> **What this task involves**: The line containing "Vintage Foto Vaderdag Whisky Glas (Links)", plus every line that follows it to the end of the listing below, is what you transcribe exactly; omit all pictures.

> **Source material**:
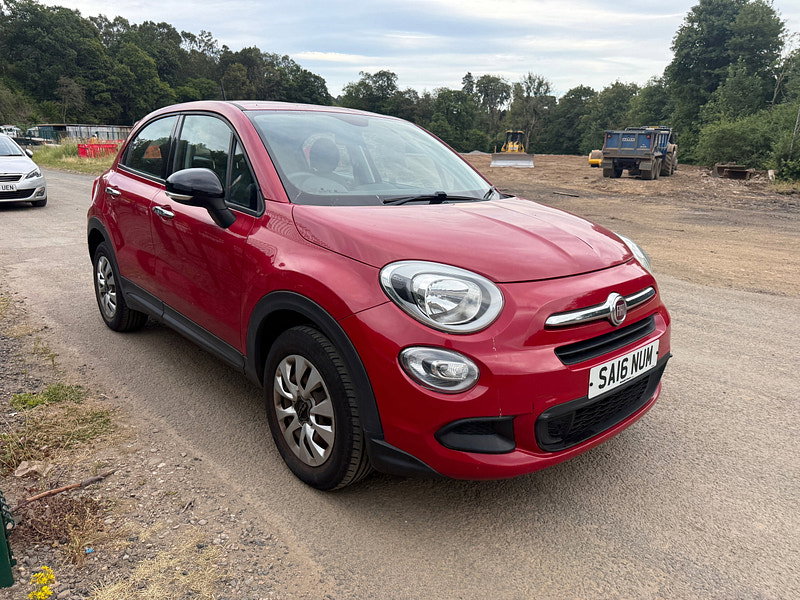 Fiat 500X 1.6 E-Torq Pop SUV 5dr Petrol Manual Euro 6 (110 ps)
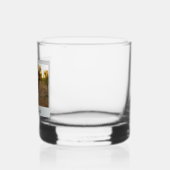 Vintage Foto Vaderdag Whisky Glas (Links)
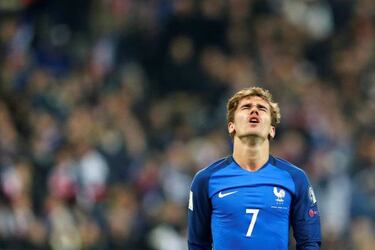 Griezmann: Ronaldo is the best but I want to be in two years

> **Task response**:
 Vintage Foto Vaderdag Whisky Glas (Links)
 Griezmann: Ronaldo is the best but I want to be in two years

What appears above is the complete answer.